Closed-loop transfer function and block diagram
A block diagram of the second order closed-loop control system with unity negative feedback is shown below in Figure 1,
For underdamped case, the step-response of a second-order is
\[C(s) = R(s)\frac{{\omega _n^2}}{{{s^2} + 2\xi {\omega _n}s + \omega _n^2}}…(1)\]
The input to the system is unit step function, so in s-domain,
\[R(s) = \frac{1}{s}……(2)\]
and in time (t) domain, input unit step function is
\[r(t) = 1\]
Using Equation 1 and Equation 2 gives,
\[C(s) = \frac{1}{s}.\frac{{\omega _n^2}}{{{s^2} + 2\xi {\omega _n}s + \omega _n^2}}….(3)\]
Applying partial fraction on Equation 3 gives
\[C(s) = \frac{1}{s} – \frac{{s + 2\xi {\omega _n}}}{{{s^2} + 2\xi {\omega _n}s + \omega _n^2}}……(4)\]
The denominator term ${s^2} + 2\xi {\omega _n}s + \omega _n^2$ of Equation 4 can be written as
\[{s^2} + 2\xi {\omega _n}s + \omega _n^2 = {(s + \xi {\omega _n})^2} + \omega _n^2(1 – {\xi ^2})….(5)\]
Also,
\[\omega _d^2 = \omega _n^2(1 – {\xi ^2})….(6)\]

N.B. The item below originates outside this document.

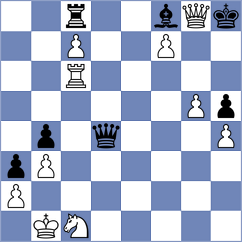 Assaubayeva - Primbetov (Chess.com INT, 2021)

Equation 4 can be written using Equation 5 and Equation 6 as,
\[C(s) = \frac{1}{s} – \frac{{s + \xi {\omega _n}}}{{{{(s + \xi {\omega _n})}^2} + \omega _d^2}} – \frac{{\xi {\omega _n}}}{{{\omega _d}}}.\frac{{{\omega _d}}}{{{{(s + \xi {\omega _n})}^2} + \omega _d^2}}….(5)\]

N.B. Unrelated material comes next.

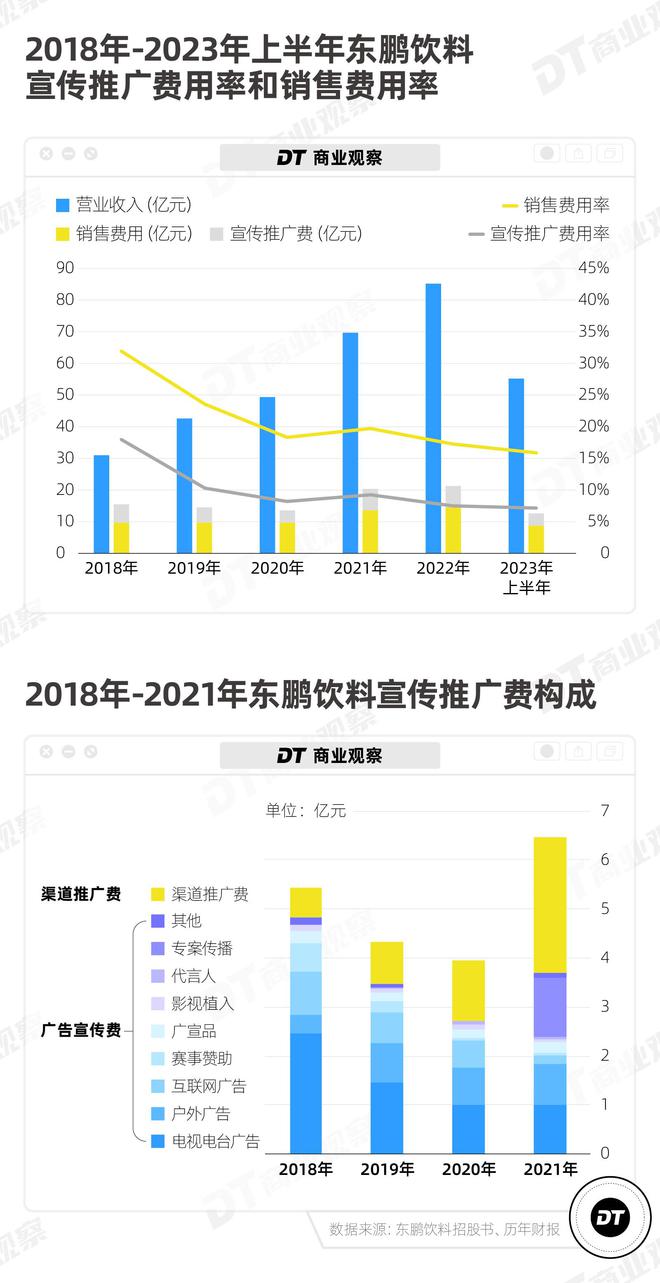 东鹏特饮，收割内卷打工人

Applying inverse laplace transform on both sides of Equation 5
\[{\mathscr{L}^{ – 1}}C(s) = {\mathscr{L}^{ – 1}}\left[ {\frac{1}{s} – \frac{{s + \xi {\omega _n}}}{{{{(s + \xi {\omega _n})}^2} + \omega _d^2}} – \frac{{\xi {\omega _n}}}{{{\omega _d}}}.\frac{{{\omega _d}}}{{{{(s + \xi {\omega _n})}^2} + \omega _d^2}}} \right]\]
\[c(t) = 1 – {e^{ – \xi {\omega _n}t}}.\cos {\omega _d}t – \frac{{\xi {\omega _n}}}{{{\omega _d}}}.{e^{ – \xi {\omega _n}t}}.\sin {\omega _d}t…..(6)\]
Put ${\omega _d} = {\omega _n}\sqrt {1 – {\xi ^2}}$ in Equation 6 gives,
\[c(t) = 1 – \frac{{{e^{ – \xi {\omega _n}t}}}}{{\sqrt {1 – {\xi ^2}} }}.\left[ {\xi \sin {\omega _d}t + \sqrt {1 – {\xi ^2}} \cos {\omega _d}t} \right]…..(7)\]
Using the identity,
\[A\sin \omega t + B\cos \omega t = \sqrt {{A^2} + {B^2}} \sin \left[ {\omega t + {{\tan }^{ – 1}}\frac{B}{A}} \right]….(8)\]
Now, comparing term $\xi \sin {\omega _d}t + \sqrt {1 – {\xi ^2}} \cos {\omega _d}t$ of Equation 7 and term $A\sin \omega t + B\cos \omega t$ of Equation 8 gives,
$A = \xi$ ; $B = \sqrt {1 – {\xi ^2}}$ ; $\omega = {\omega _d}$
Equation 7 can be written as
\[c(t) = 1 – \frac{{{e^{ – \xi {\omega _n}t}}}}{{\sqrt {1 – {\xi ^2}} }}\sin \left[ {{\omega _d}t + {{\tan }^{ – 1}}\frac{{\sqrt {1 – {\xi ^2}} }}{\xi }} \right]\]
or,
\[c(t) = 1 – \frac{{{e^{ – \xi {\omega _n}t}}}}{{\sqrt {1 – {\xi ^2}} }}\sin \left[ {{\omega _d}t + \theta } \right]….(9)\]
where,
\[\theta = {\tan ^{ – 1}}\frac{{\sqrt {1 – {\xi ^2}} }}{\xi }.\]
put, ${\omega _d} = {\omega _n}\sqrt {1 – {\xi ^2}}$ in Equation 9 gives,
\[c(t) = 1 – \frac{{{e^{ – \xi {\omega _n}t}}}}{{\sqrt {1 – {\xi ^2}} }}\sin \left[ {({\omega _n}\sqrt {1 – {\xi ^2}} )t + \theta } \right]…(10)\]
Here Equation 10 is the time response of a second-order for underdamped case when unit step function applied, is plotted in Figure 2 as shown below
The term ${\omega _n}$ is called the natural frequency of oscillations. The term ${\omega _d} = {\omega _n}\sqrt {1 – {\xi ^2}}$ is damped frequency of oscillations. The term $\xi$ is the damping ratio and the term $\xi {\omega _n}$ is the damping factor or actual damping or damping coefficient. Also $t_d$ is delay time, $t_r$ is rise time, $t_p$ is peak time, $t_s$ is settling time and $M_p$ is peak overshoot.